Except for the Basic Character Set as you mentioned, all of the rest of the character sets are implementation-defined. That means that they could be anything, but the implementation (that is, the C compiler/libraries/toolchain implementation) must document those decisions. The key paragraphs here are:
§3.4.1 implementation-defined behavior
unspecified behavior where each implementation documents how the choice is made
§3.4.2 locale-specific behavior
behavior that depends on local conventions of nationality, culture, and language that each implementation documents
§5.2.1.1 Character sets
Two sets of characters and their associated collating sequences shall be defined: the set in which source files are written (the source character set), and the set interpreted in the execution environment (the execution character set). Each set is further divided into a basic character set, whose contents are given by this subclause, and a set of zero or more locale-specific members (which are not members of the basic character set) called extended characters. The combined set is also called the extended character set. The values of the members of the execution character set are implementation-defined.

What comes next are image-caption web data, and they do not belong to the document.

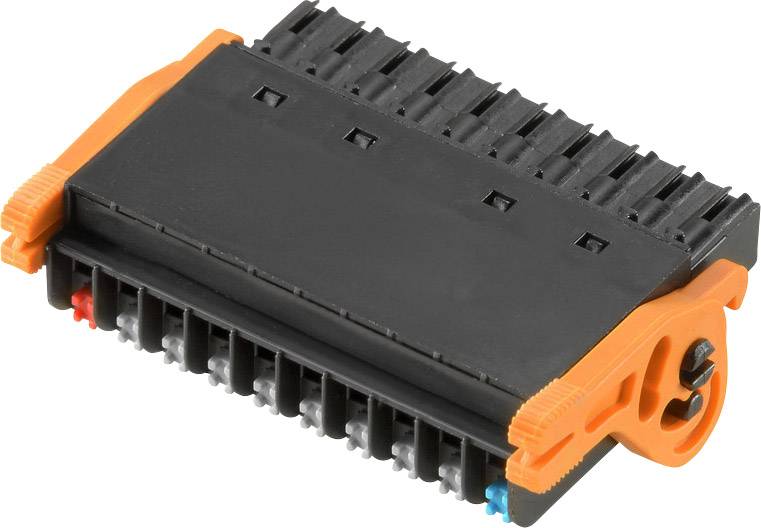 Crni električni priključak s narančastim elementima, korišten za spajanje kabela u električnim ili elektroničkim primjenama.
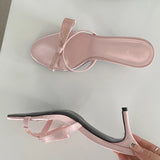 Advbridge Summer Butterfly-knot Woman Slippers Thin Low Heels Narrow Band Street Style Stripper Ladies Shoes Zapatos Mujer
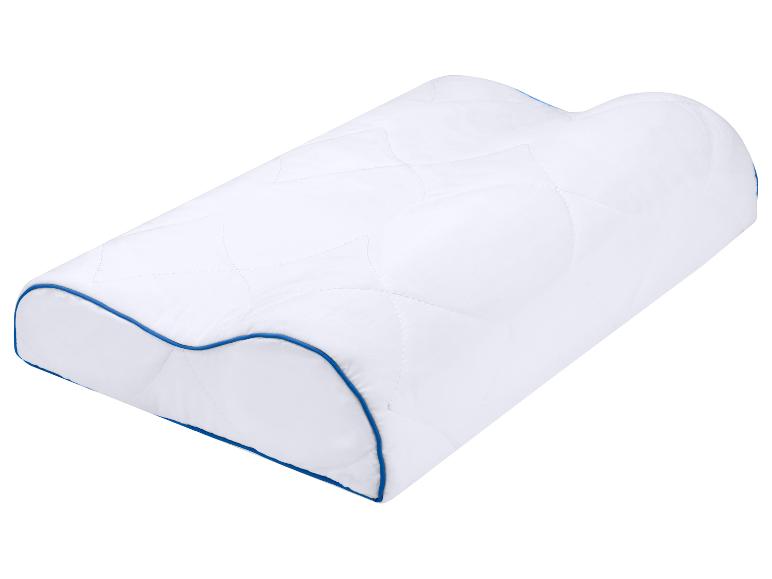 Oreiller orthopédique blanc avec passepoil bleu pour le soutien du cou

So, look at your C compiler's documentation to find out what the other character sets are. For example, in my man page for gcc, some of the command line options state:
-fexec-charset=charset
Set the execution character set, used for string and character
constants. The default is UTF-8. charset can be any encoding
supported by the system's "iconv" library routine.

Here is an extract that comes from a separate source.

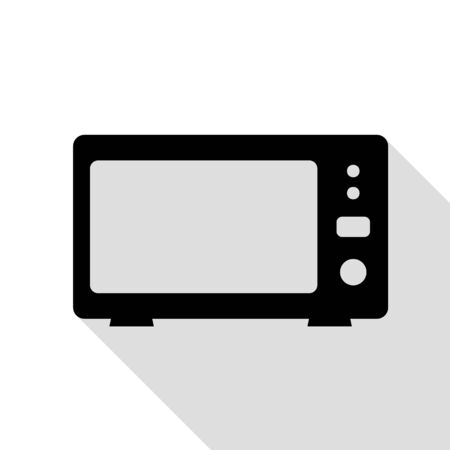 Microwave sign illustration. Black icon with flat style shadow path.のイラスト素材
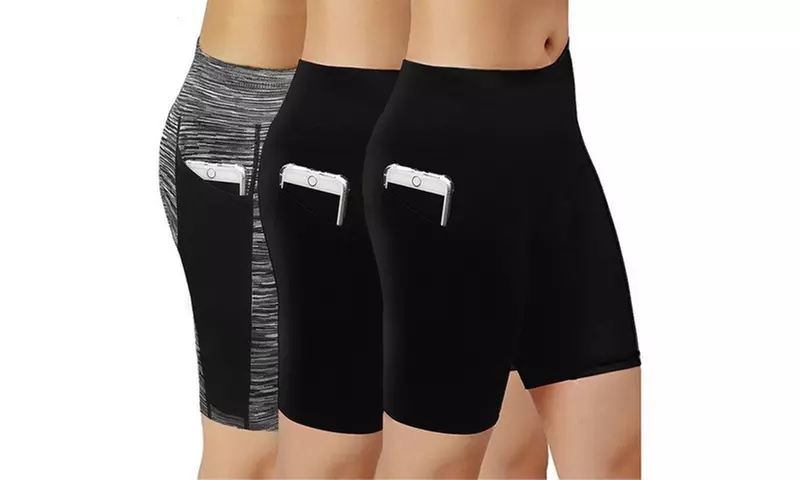 3 Pack Women's High Waist Bicycle Shorts with pockets (Plus size Avaialble) - Second Medium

-fwide-exec-charset=charset
Set the wide execution character set, used for wide string and
character constants. The default is UTF-32 or UTF-16, whichever
corresponds to the width of "wchar_t". As with -fexec-charset,
charset can be any encoding supported by the system's "iconv"
library routine; however, you will have problems with encodings
that do not fit exactly in "wchar_t".
-finput-charset=charset
Set the input character set, used for translation from the
character set of the input file to the source character set used by
GCC. If the locale does not specify, or GCC cannot get this
information from the locale, the default is UTF-8. This can be
overridden by either the locale or this command line option.
Currently the command line option takes precedence if there's a
conflict. charset can be any encoding supported by the system's
"iconv" library routine.
To get a list of the encodings supported by iconv
, run iconv -l
. My system has 143 different encodings to choose from.